Re: Endless overcommit memory thread.

From: Linda Walsh (law@sgi.com)
Date: Sat Mar 25 2000 - 00:47:01 EST


David Whysong wrote:
>
> Partly right. But the real reason for overcommit is practical: you can do
> more with overcommitted memory, and there are no additional failure modes.
>
> If we define "failure" as a situation where a user program must be killed
> because we are out of memory, then non-overcommit systems should always
> fail more often than overcommitted ones. So I don't see any downside, AT
> ALL, to memory overcommit.

---
	You have non-deterministic behavior.  

First, the kernel should reserve some amount of memory so it will never run out of memory. Ideally, there should be two limits. One level would require processes have UID==0 (or some CAP - CAP_USE_RESERVE_SPACE) to alloc beyond, a second the kernel reserves for itself. If all processes become blocked on waiting for memory, the kernel starts killing user-level processes with the largest first. Probably another CAP for CAP_DONT_KILL_FOR_MEM to protect system processes executing in user space.

For the fork case, a 2nd system call -- I propose 'sproc' -- only because it's a model used to solve the overcommit problem. From the man page:

C SYNOPSIS #include <sys/types.h> #include <sys/prctl.h> pid_t sproc (void (*entry) (void *), unsigned inh, ...); Type of optional third argument: void *arg; pid_t sprocsp (void (*entry) (void *, size_t), unsigned inh, void *arg, caddr_t sp, size_t len); DESCRIPTION The sproc and sprocsp system calls are a variant of the standard fork(2) call. Like fork, the sproc calls create a new process that is a clone of the calling process. The difference is that after an sproc call, the new child process shares the virtual address space of the parent process (assuming that this sharing option is selected, as described below), rather than simply being a copy of the parent. The parent and the child each have their own program counter value and stack pointer, but all the text and data space is visible to both processes. This provides one of the basic mechanisms upon which parallel programs can be built.

A group of processes created by sproc calls from a common ancestor is referred to as a share group or shared process group. A share group is initially formed when a process first executes an sproc or sprocsp call. All subsequent sproc calls by either the parent or other children in this share group will add another process to the share group. In addition to virtual address space, members of a share group can share other attributes such as file tables, current working directories, effective userids and others described below. ...
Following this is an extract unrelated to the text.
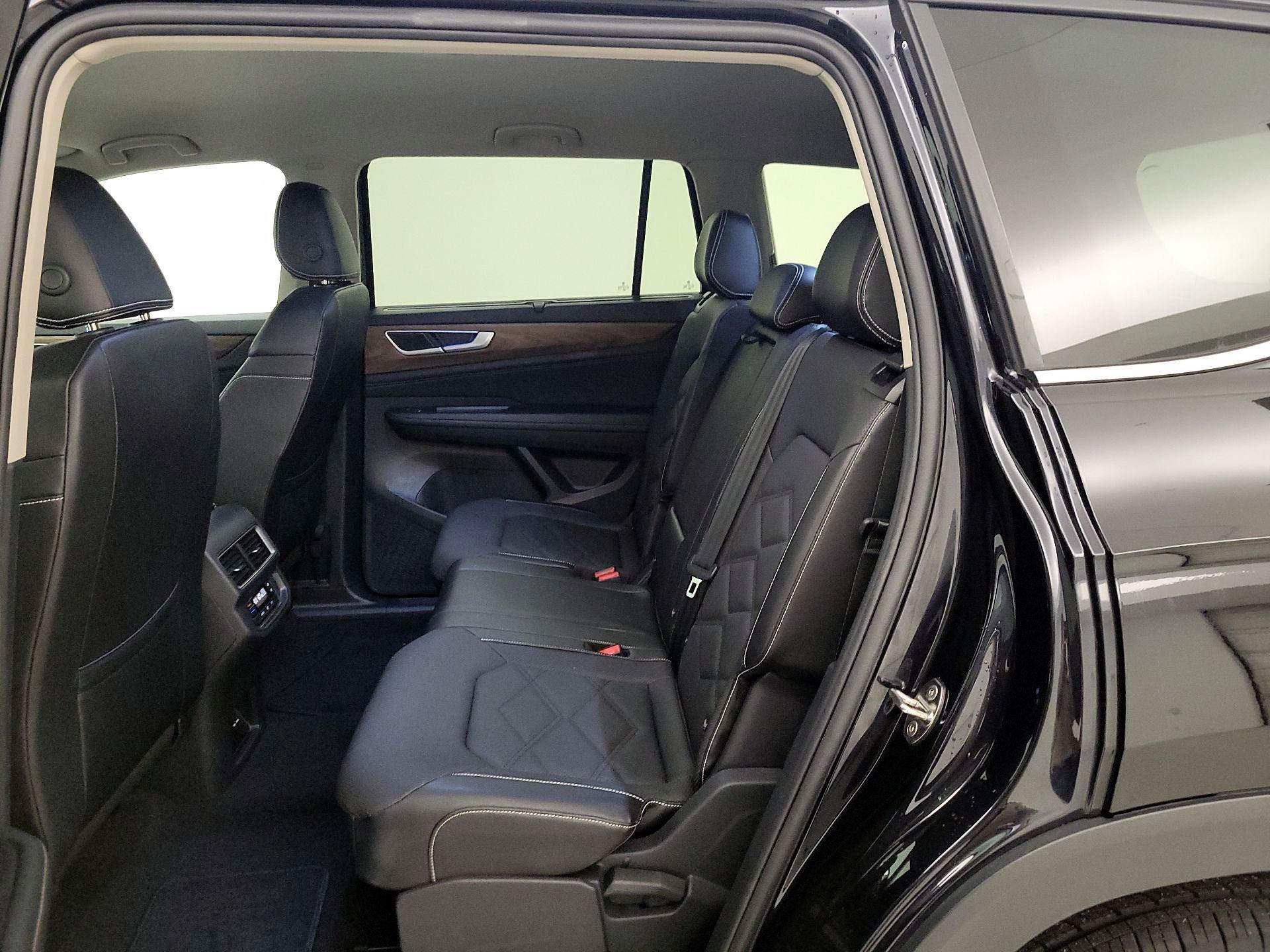 Thumbnail: 2024 Volkswagen Atlas - 19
It describes stack interactions then:

Calling sproc or sprocsp too often, when the stack size is set very large can easily cause the share group to grow larger than the per-process maximum allowable size {PROCSIZE_MAX} [see intro(2)]. In this case, the call will fail and return ENOMEM. A process with lots of distinct virtual spaces (e.g. lots of files mapped via mmap(2)) can fragment the calling process's address space such that it is impossible to find a suitable place for the new child's stack. This case will also cause sproc or sprocsp to fail. ... More about how to generate specific share behavior...then failure modes:

[ENOMEM] If there is not enough virtual space to allocate a new stack. The default stack size is settable via prctl(2), or setrlimit(2). [EAGAIN] The system-imposed limit on the total number of processes under execution, {NPROC} [see intro(2)], would be exceeded. [EAGAIN] The system-imposed limit on the total number of processes under execution by a single user {CHILD_MAX} [see intro(2)], would be exceeded. [EAGAIN] Amount of system memory required is temporarily unavailable. [EINVAL] sp was null and len was less than 8192. [EPERM] The system call is not permitted from a pthreaded program (see CAVEATS section below).

-------- Then there's a bunch more implementation details and caveats.
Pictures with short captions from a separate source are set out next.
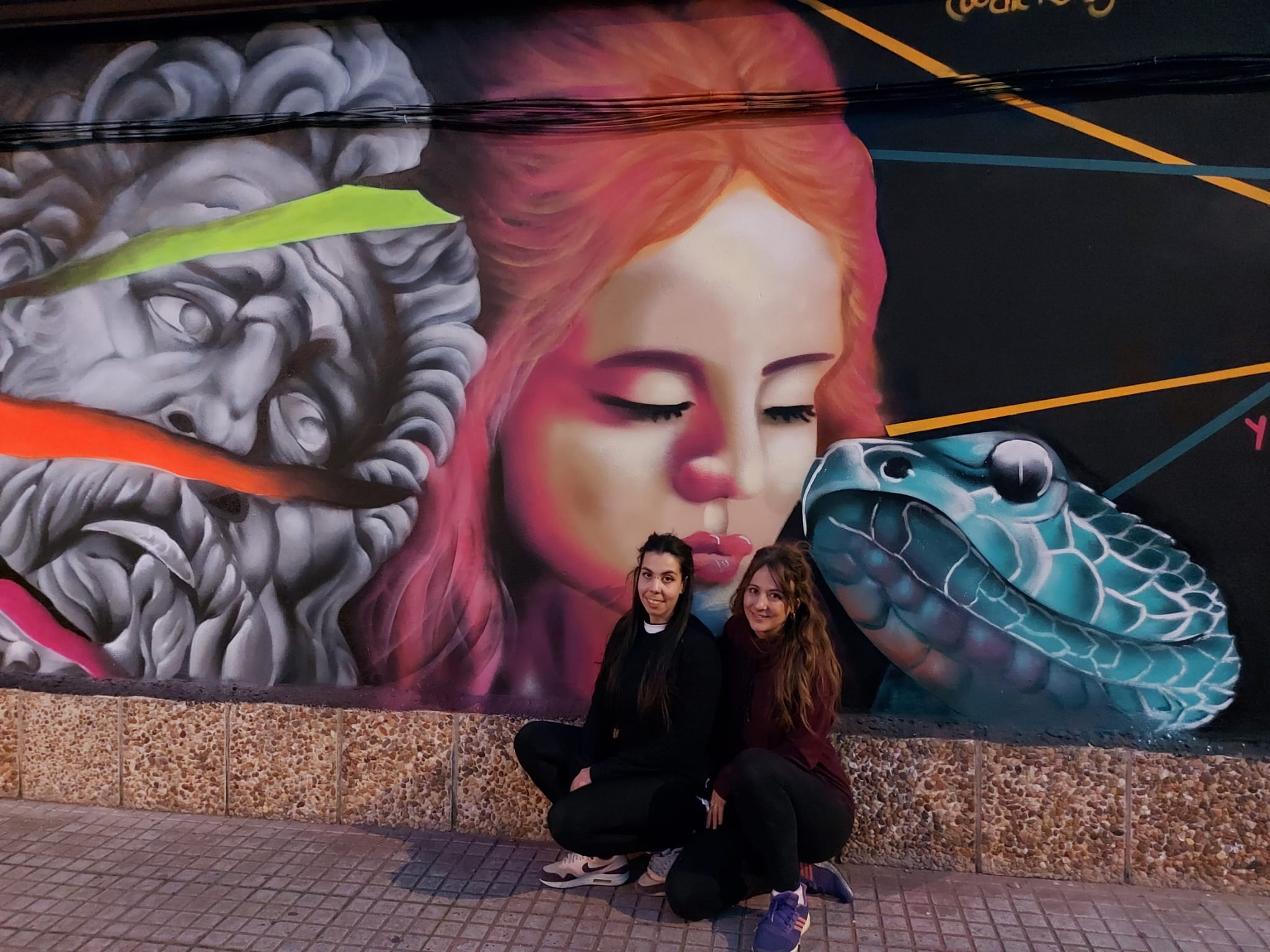 Las dos creadoras del nuevo mural de Santa Catalina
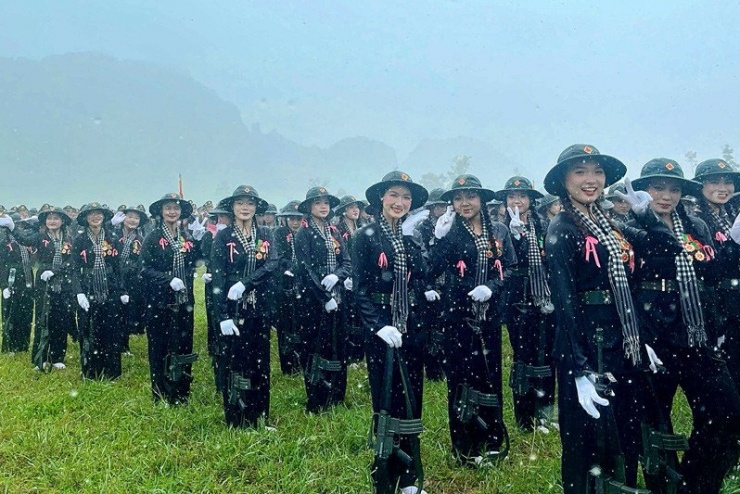 Cơn mưa trong buổi tập luyện trở thành kỷ niệm khó quên của Thiên Phúc 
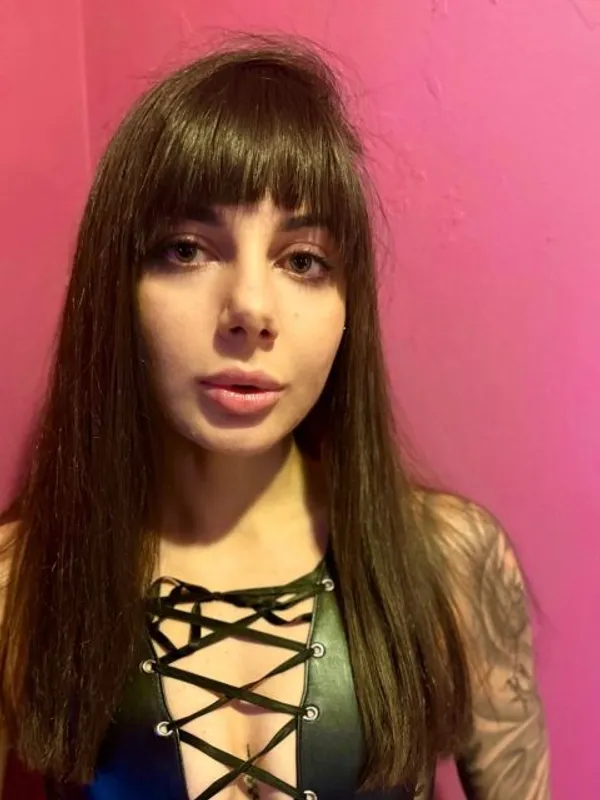 Alisapretty, 29 aus Berlin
The point is that if you want trusted behavior, you want it to be deterministic so the behavior is very predictable. I assert this is also important to commercial institutions.

Telling users: "um, yeah we guarantee auditing (C2 security), but a user can possibly kill off auditing or other random system processes, covering all their tracks because Linux is inherently unreliable and non-deterministic" is REALLY bad.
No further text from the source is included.